Output every entry below exactly, without its pictures.

Image-text web data:
++++++

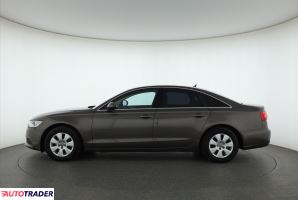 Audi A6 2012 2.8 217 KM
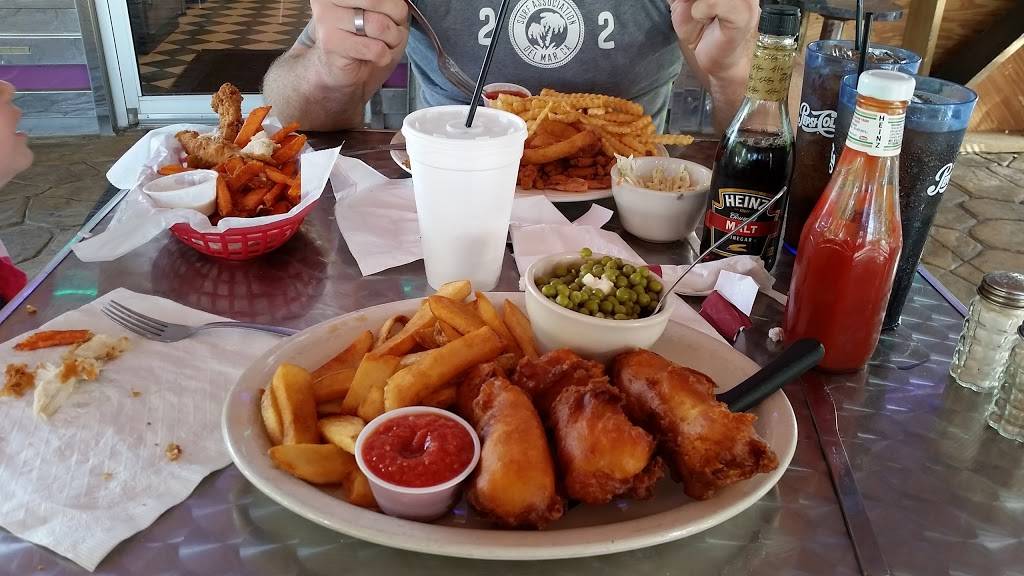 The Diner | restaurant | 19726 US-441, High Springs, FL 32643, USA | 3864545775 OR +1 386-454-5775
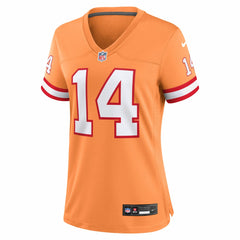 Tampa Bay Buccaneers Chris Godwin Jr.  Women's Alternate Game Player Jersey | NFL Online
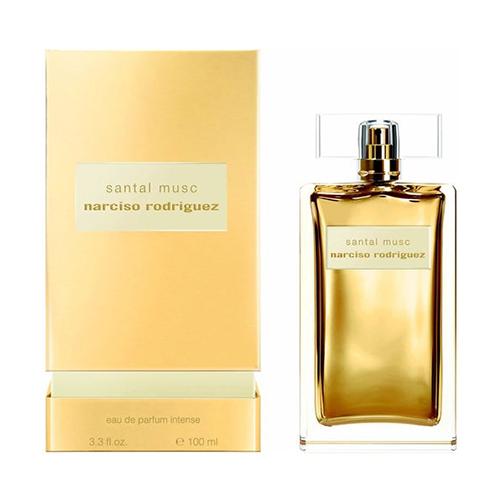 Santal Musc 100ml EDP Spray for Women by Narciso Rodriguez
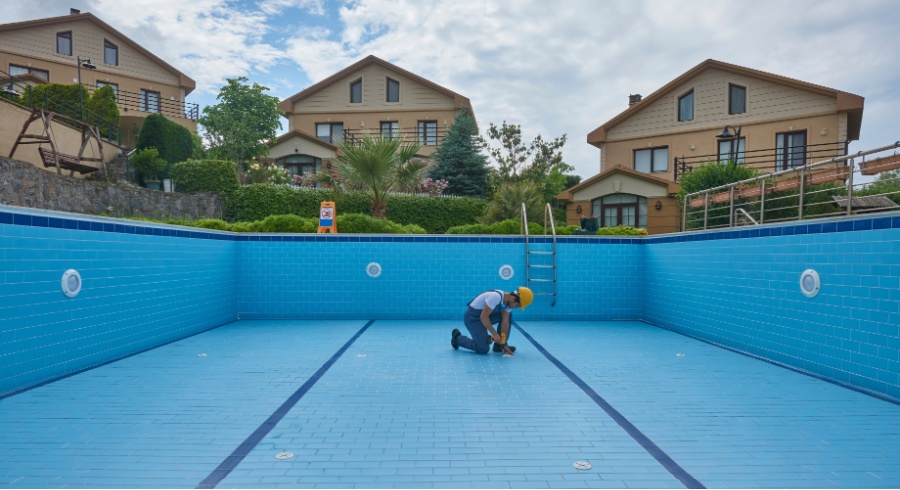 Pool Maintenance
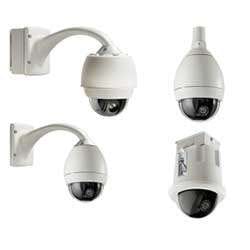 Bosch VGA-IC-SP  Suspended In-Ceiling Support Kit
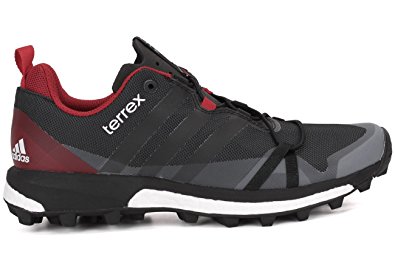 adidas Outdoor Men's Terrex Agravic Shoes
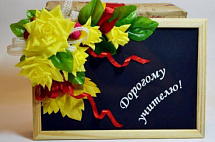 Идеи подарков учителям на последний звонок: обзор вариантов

++++++

Exercise result
 Audi A6 2012 2.8 217 KM
 The Diner | restaurant | 19726 US-441, High Springs, FL 32643, USA | 3864545775 OR +1 386-454-5775
 Tampa Bay Buccaneers Chris Godwin Jr.  Women's Alternate Game Player Jersey | NFL Online
 Santal Musc 100ml EDP Spray for Women by Narciso Rodriguez
 Pool Maintenance
 Bosch VGA-IC-SP  Suspended In-Ceiling Support Kit
 adidas Outdoor Men's Terrex Agravic Shoes
 Идеи подарков учителям на последний звонок: обзор вариантов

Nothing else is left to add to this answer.